● **Task data**:

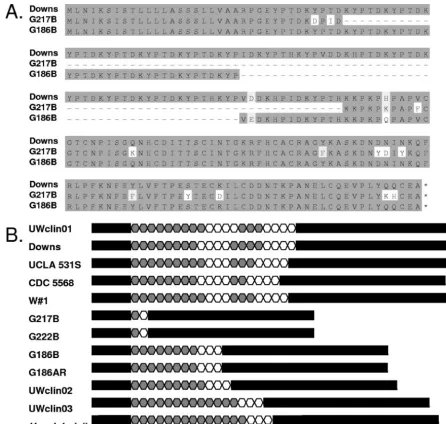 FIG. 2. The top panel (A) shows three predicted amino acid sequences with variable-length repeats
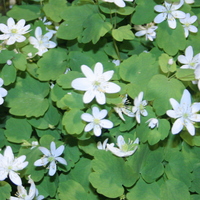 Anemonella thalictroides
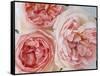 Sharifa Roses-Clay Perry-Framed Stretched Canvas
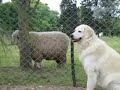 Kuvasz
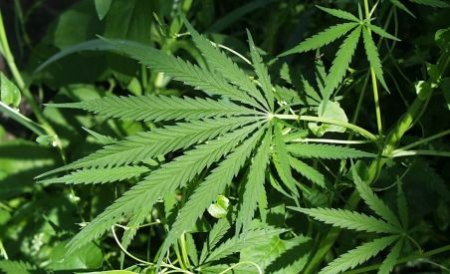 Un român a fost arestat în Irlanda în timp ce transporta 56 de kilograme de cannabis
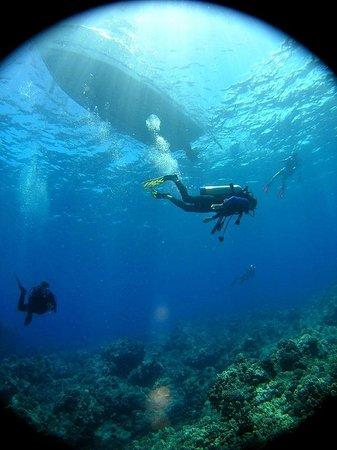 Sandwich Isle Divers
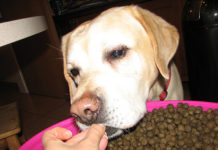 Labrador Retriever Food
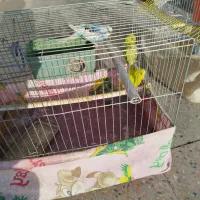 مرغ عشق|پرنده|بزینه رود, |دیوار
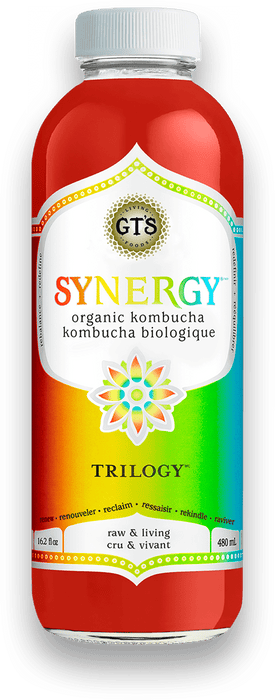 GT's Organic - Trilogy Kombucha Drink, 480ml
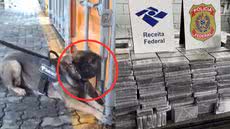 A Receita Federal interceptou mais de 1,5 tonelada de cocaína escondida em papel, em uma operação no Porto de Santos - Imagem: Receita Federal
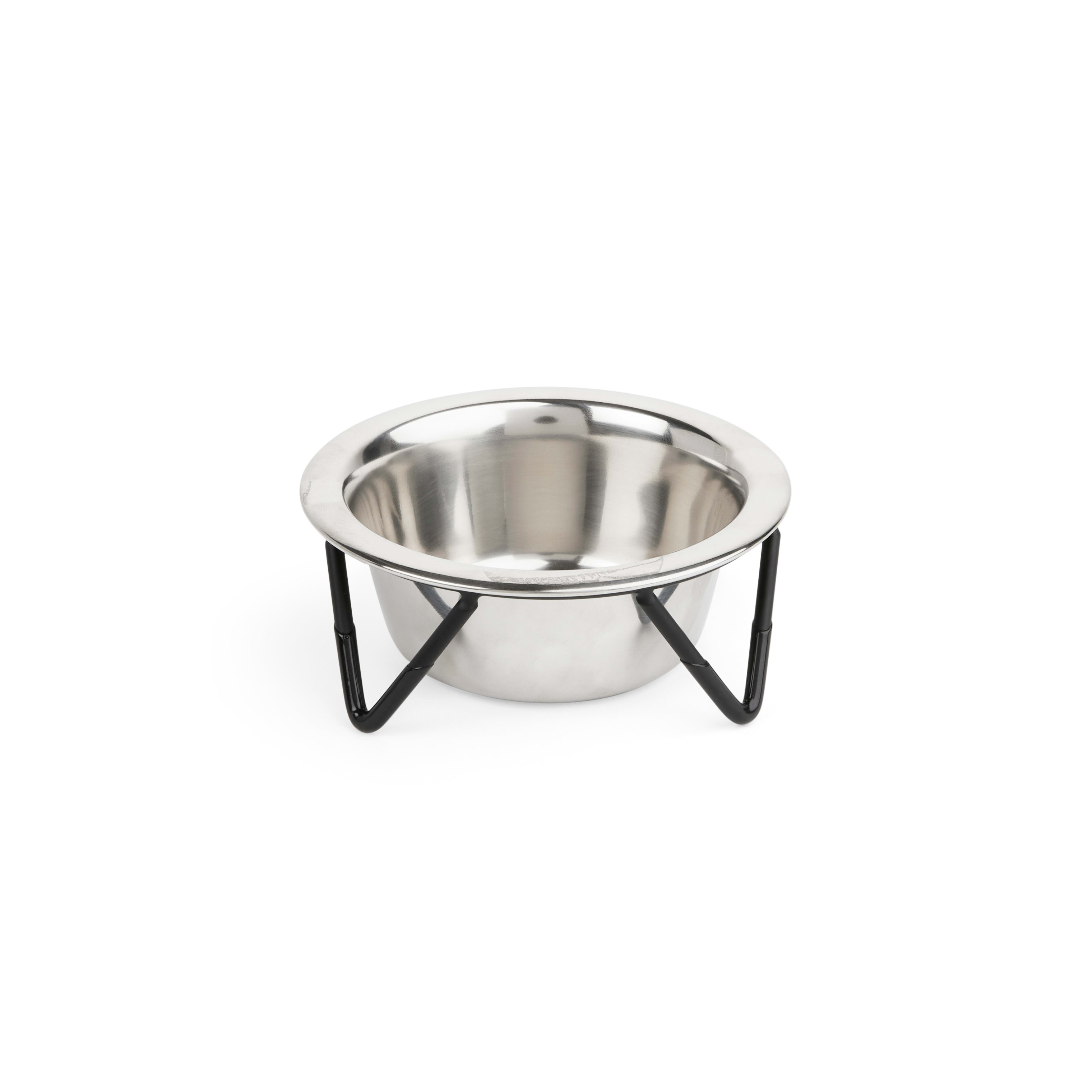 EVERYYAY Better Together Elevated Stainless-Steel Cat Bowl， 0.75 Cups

● **Problem requirements**:
Leave out the pictures and return the rest of the records exactly.

● **Exercise output**:
 FIG. 2. The top panel (A) shows three predicted amino acid sequences with variable-length repeats
 Anemonella thalictroides
 Sharifa Roses-Clay Perry-Framed Stretched Canvas
 Kuvasz
 Un român a fost arestat în Irlanda în timp ce transporta 56 de kilograme de cannabis
 Sandwich Isle Divers
 Labrador Retriever Food
 مرغ عشق|پرنده|بزینه رود, |دیوار
 GT's Organic - Trilogy Kombucha Drink, 480ml
 A Receita Federal interceptou mais de 1,5 tonelada de cocaína escondida em papel, em uma operação no Porto de Santos - Imagem: Receita Federal
 EVERYYAY Better Together Elevated Stainless-Steel Cat Bowl， 0.75 Cups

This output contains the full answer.